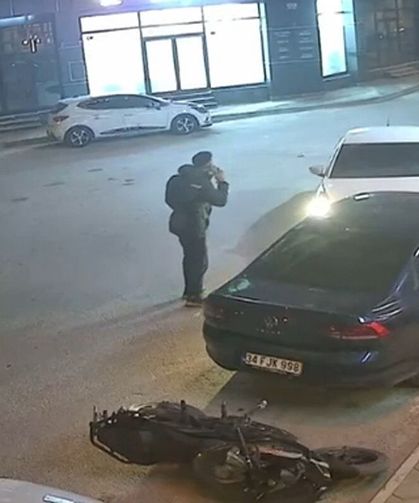 Otomobil park halindeki araçlara çarptı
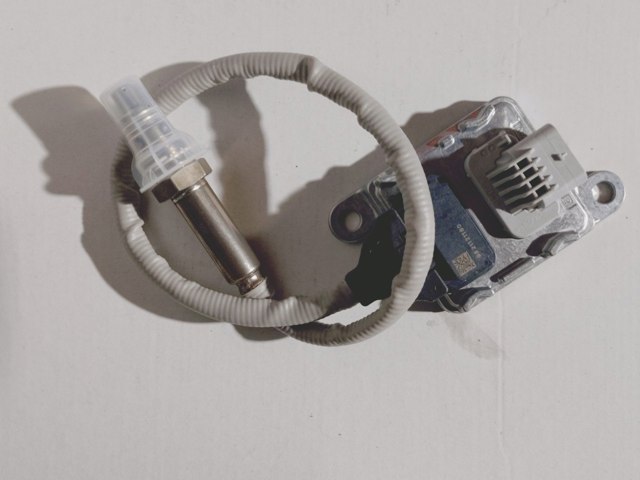 Sensor de óxidos de nitrógeno NOx 227909665R Renault (RVI)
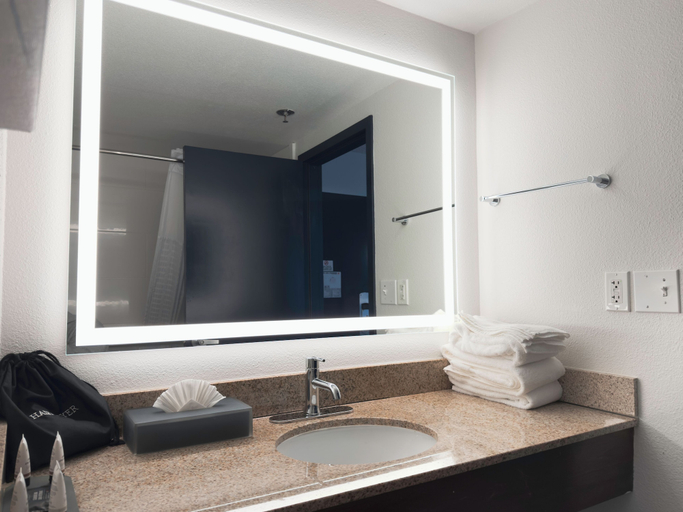 Bathroom 4, La Quinta Inn & Suites by Wyndham Danbury, Fairfield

▬▬▬▬▬▬▬▬▬▬

* **Problem to solve**
Reproduce the whole listing exactly, but not the images in it.

* **Response**
 Otomobil park halindeki araçlara çarptı
 Sensor de óxidos de nitrógeno NOx 227909665R Renault (RVI)
 Bathroom 4, La Quinta Inn & Suites by Wyndham Danbury, Fairfield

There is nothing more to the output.